To summarize what’s going on here: The skill is going to receive a normalized image from the indexer (that we’ll configure in the next step) as an input, search the image for Brands, Categories, Descriptions and Tags and spit those out as outputs.

Indexer

The indexer ties everything together - it takes data from the datasource, passes it to the skill, and writes the results to the index for searching. My indexer config looked like this:


{
    "name": "image-analysis",
    "description": null,
    "dataSourceName": "imageanalysis",
    "skillsetName": "image-analysis",
    "targetIndexName": "image-analysis",
    "disabled": null,
    "schedule": null,
    "parameters": {
        "batchSize": null,
        "maxFailedItems": null,
        "maxFailedItemsPerBatch": null,
        "base64EncodeKeys": true,
        "configuration": {
            "indexedFileNameExtensions": ".jpg,.jpeg,.gif,.png",
            "imageAction": "generateNormalizedImages"
        }
    },
    "fieldMappings": [],
    "outputFieldMappings": [
        {
            "sourceFieldName": "/document/normalized_images/*/brands/*",
            "targetFieldName": "brands"
        },
        {
            "sourceFieldName": "/document/normalized_images/*/categories/*",
            "targetFieldName": "categories"
        },
        {
            "sourceFieldName": "/document/normalized_images/*/description",
            "targetFieldName": "description"
        },
        {
            "sourceFieldName": "/document/normalized_images/*/tags/*",
            "targetFieldName": "tags"
        }
    ],
    "cache": null,
    "encryptionKey": null
}

Some critical stuff to understand in here:

  • base64EncodeKeys: The filename of the image is used as the key in our index, and we can’t have special characters in the key field. This encodes the filename in base64 so it’s guaranteed to be safe as a key.
  • indexedFileNameExtensions: The extensions of files we want to analyze - just images.
  • imageAction: We need to run generateNormalizedImages to create the standard images that we pass into the skill for analysis.

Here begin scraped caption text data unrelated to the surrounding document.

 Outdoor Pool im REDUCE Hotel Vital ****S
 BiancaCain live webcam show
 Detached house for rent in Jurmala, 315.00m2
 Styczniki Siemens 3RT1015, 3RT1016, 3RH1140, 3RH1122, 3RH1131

Once you hit save here, it’ll automatically run your indexer, so make sure you’re ready to be billed!

Results

Hopefully everything went well, it’ll probably take a while to churn through all of the images if you’ve got a bit. But when it’s done you’ll have data about your images ready to be searched in your index! Just go to your index in the portal and type something in the search field and see what comes up. The search field is pretty smart and covers all the fields in your documents, so you should have pretty good results right off the bat. If you need to customize your search and integrate it into a webapp or something, this doc was really helpful: https://learn.microsoft.com/en-us/rest/api/searchservice/search-documents

A couple highlights:

  • searchMode: The options here are “any” or “all” - by default it’s any, which works like ORing your search terms. if you want AND, use “all”.
  • $top: If you don’t want to page and just want a ton of results, you can set this up to 1000.

Next Steps

I didn’t do any face detection here, because all it does is locate faces in images and not identify them (unless they’re “Celebrities”). I’d like to be able to train something to identify family members in pictures and include them as searchable keys. Microsoft does have a Face API service that can do this, but how to get the face detections in the search results? Fortunately, AI Search seems to support “custom skills” (see https://github.com/Azure-Samples/azure-search-power-skills), so I think I can write a bridge skill that will search for known faces in Face API and return those as keys to be included in the index. Maybe I’ll have another post this year with that…